From: Wu Hao @ 2019-08-04 10:20 UTC (permalink / raw)
  To: gregkh, mdf, linux-fpga
  Cc: linux-kernel, linux-api, linux-doc, atull, Wu Hao, Zhang Yi Z,
	Xu Yilun
In-Reply-To: <1564914022-3710-1-git-send-email-hao.wu@intel.com>

This patch enables the standard sriov support. It allows user to
enable SRIOV (and VFs), then user could pass through accelerators
(VFs) into virtual machine or use VFs directly in host.

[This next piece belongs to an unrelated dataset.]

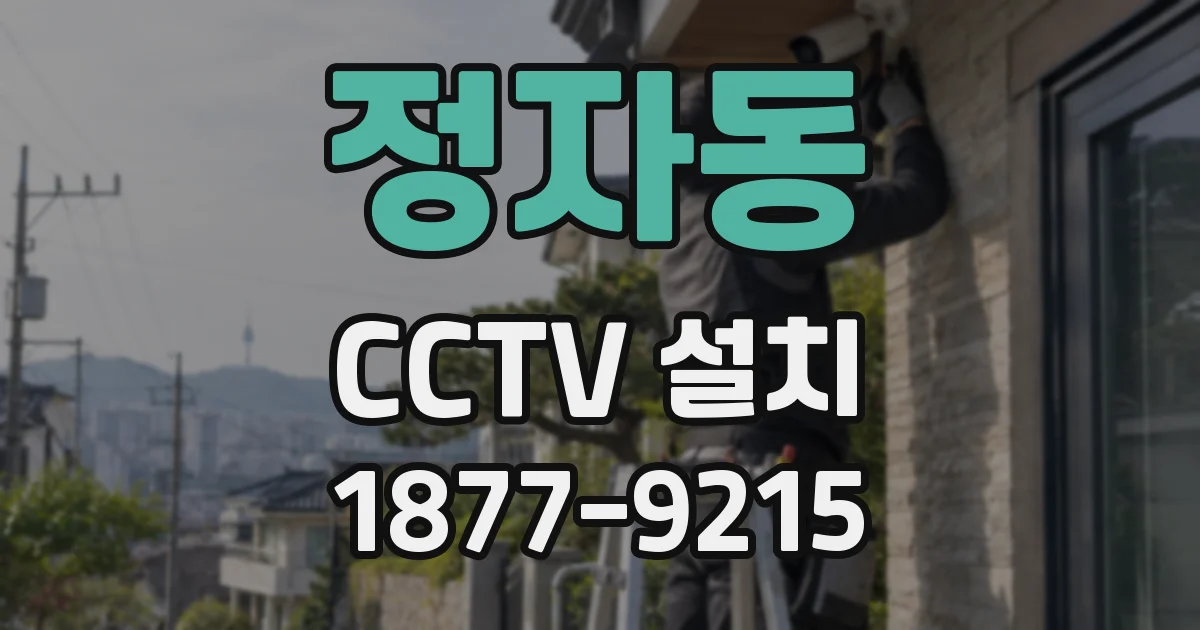 정자동 CCTV 설치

Signed-off-by: Zhang Yi Z <yi.z.zhang@intel.com>
Signed-off-by: Xu Yilun <yilun.xu@intel.com>
Signed-off-by: Wu Hao <hao.wu@intel.com>
Acked-by: Alan Tull <atull@kernel.org>
Acked-by: Moritz Fischer <mdf@kernel.org>
Signed-off-by: Moritz Fischer <mdf@kernel.org>
---
v2: remove DRV/MODULE_VERSION modifications.
v4: split __dfl_fpga_cdev_config_port_vf into 2 functions with
    locking added.
---
 drivers/fpga/dfl-pci.c | 36 ++++++++++++++++++++++
 drivers/fpga/dfl.c     | 82 ++++++++++++++++++++++++++++++++++++++++++++++++++
 drivers/fpga/dfl.h     |  3 +-
 3 files changed, 120 insertions(+), 1 deletion(-)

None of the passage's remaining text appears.